■李朝末期の朝鮮 ……「イザベラバード 朝鮮紀行 」 p58〜59■

「朝鮮紀行」("Korea and Her Neighbours")に書かれている李朝末期(約100年前)の朝鮮の姿は凄まじい

・貨幣制度が(ほとんど)ない。
・ソウルは世界有数の汚く悪臭のする都市。
・一般民衆の住む場所は藁葺きのあばら屋で、通りからは泥壁にしか見えない。
・道はとにかく悪い。

Bird が見たSeoul(ソウル)は都会であり首都であるにしては、そのお粗末さはじつに形容しがたい。
礼節上二階建ての家は建てられず、したがって推定25万人の住民は主に迷路のような道の「地べた」
で暮らしている。

路地の多くは荷物を積んだ牛同士が擦れ違えず、荷牛と人間ならかろうじて擦れ違える程度の幅しかない。
おまけに、その幅は家々から出た糞、尿の汚物を受ける穴か溝で狭められている。

酷い悪臭のするその穴や溝の横に好んで集まるのが、土ぼこりにまみれた半裸の子供たちと、
疥癬もちでかすみ目の大きな犬で、犬は汚物の中で転げまわったり、日向でまばたきしている。

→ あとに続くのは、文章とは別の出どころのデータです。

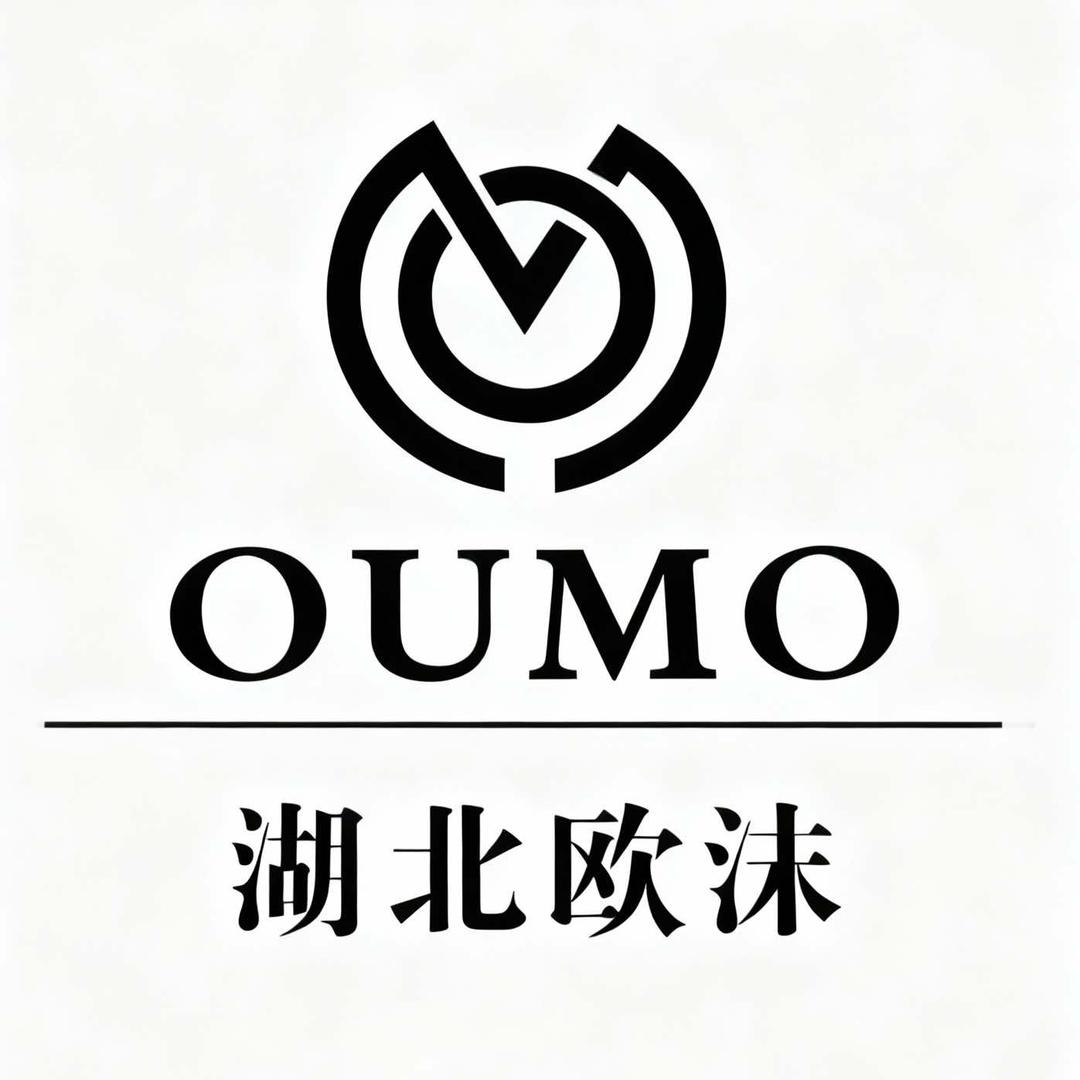 欧沫女装汇品仓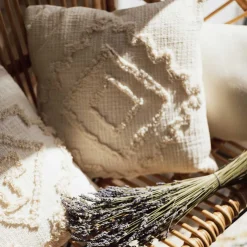 atmosphera Cojines Y Fundas Decorativas><noscript><img width=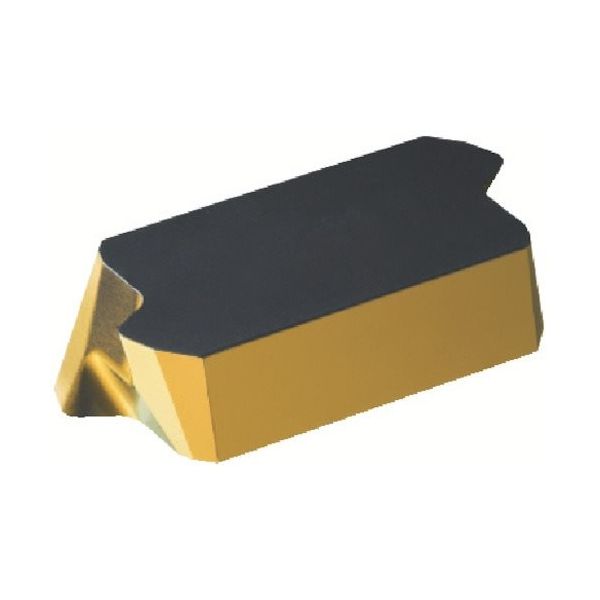 DIA.EDGE (フライスチップ) DIA.EDGE (フライスチップ) WJXシリーズ - 製品情報 | 三菱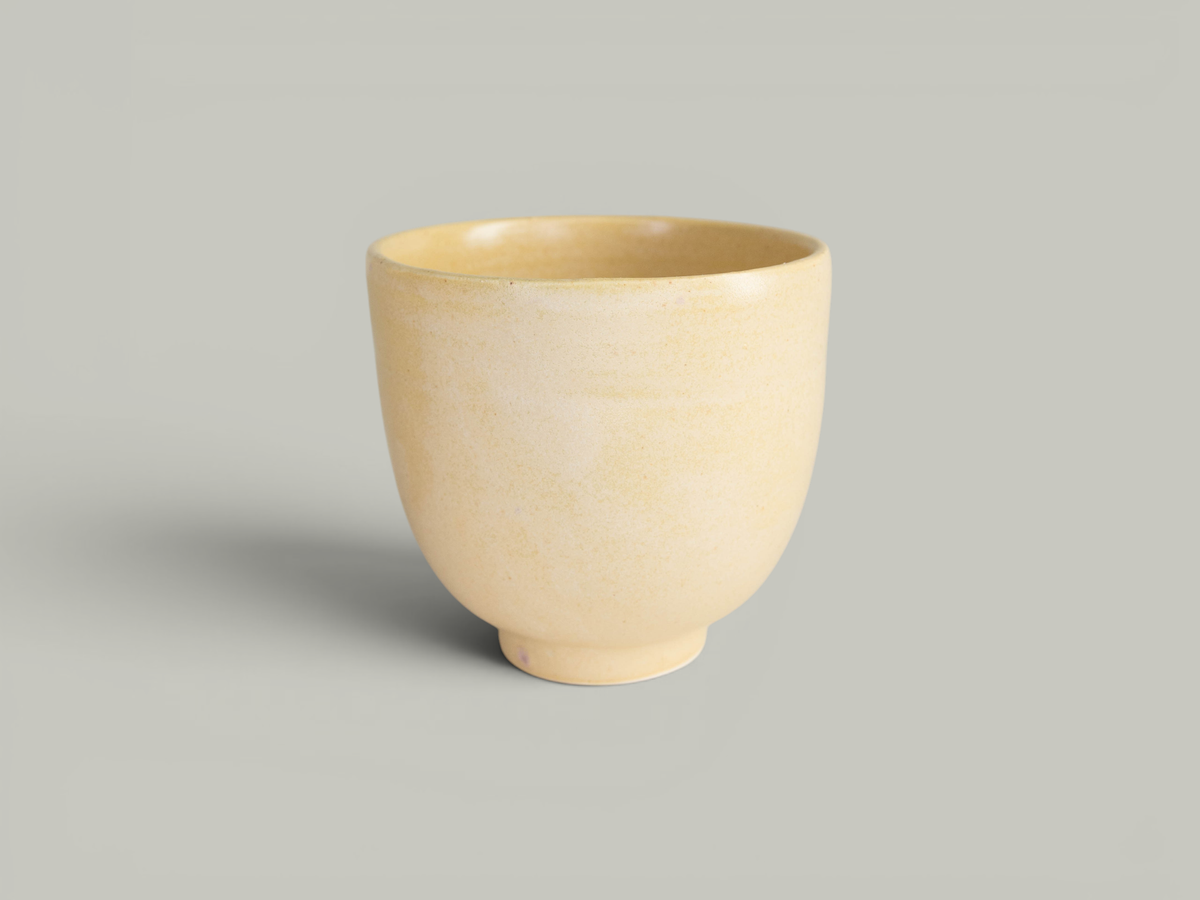 Espresso cup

ソウルの景色のひとつは小川というか下水というか水路である。
蓋のない広い水路を黒くよどんだ水が、かつては砂利だった川床に堆積した排泄物や塵の間を悪臭を
漂わせながらゆっくりと流れていく。水ならぬ混合物を手桶にくんだり、小川ならぬ水たまりで洗濯
している女達の姿。

周囲の山々は松の木が点在しているものの、大部分は緑がなく、黒い不毛地のうねりとなってそびえている。